Abstract

Substrate composition is one of the most important factors influencing the decomposition of plant residues in soils. The interaction of organic residue biochemistry with residue decomposition rates, soil aggregation and soil humus composition was determined in a laboratory experiment. Addition of seven different organic residues (2% w/w alfalfa, oat, canola, clover, soybean, corn and prairie grasses) to a Webster soil resulted in a rapid, transient increase in aggregate mean weight diameters (MWD) when incubated for 9 d with residues with low phenolic acid content (alfalfa, canola and clover) and was inversely correlated with soil carbohydrate content ( r=−0.63). More pronounced improvement in aggregate size was noted upon increased incubation to 84 d with organic residues higher in phenolic acid content (corn, prairie grasses, oat and soybean) and was related to soil phenolic acid ( r=0.65) and soil carbohydrate content ( r=0.70).

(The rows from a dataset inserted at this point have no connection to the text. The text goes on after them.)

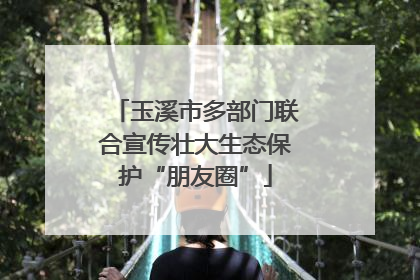 玉溪市多部门联合宣传壮大生态保护“朋友圈”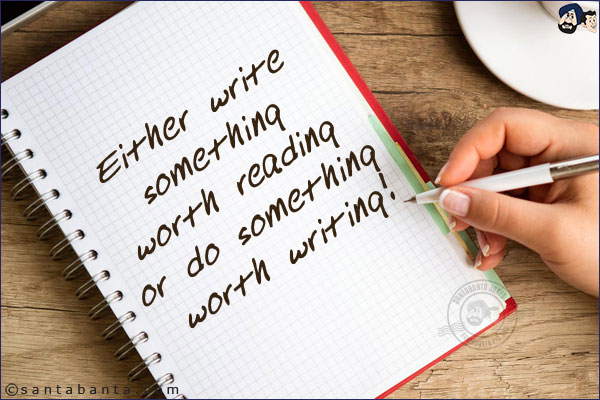 Either write something worth reading or do something worth writing!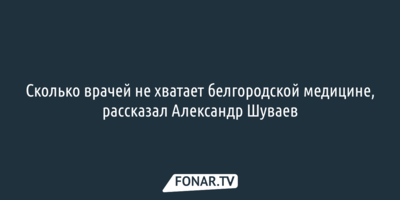 Сколько врачей не хватает белгородской медицине, рассказал Александр Шуваев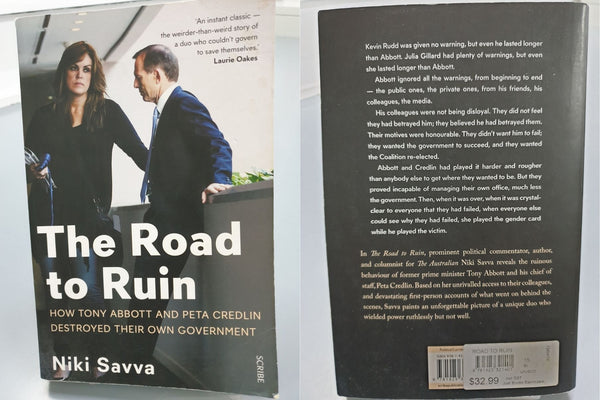 The Road to Ruin by Niki Savva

Total plant residue phenolic acid content was related to MWD measured after incubation for 84 d by a quadratic response and plateau function ( r=0.96) and the MWD quadratically increased with an increase in vanillin-vanillic acid concentrations in the plant residues ( r=0.997). Soil organic C after 84 d was related to the MWD ( r=0.82) and the residue's vanillin-vanillic acid content ( r=0.86), suggesting that C remaining in the soil following decomposition maybe related to the specific phenolic acid content. The results suggest that transient aggregate stability initiated by microbial decomposition of the carbohydrate and amino acid content of the residue, is then strengthened by the interaction with phenolic acids such as vanillin or vanillic acid released by microbial decomposition from residues structural components.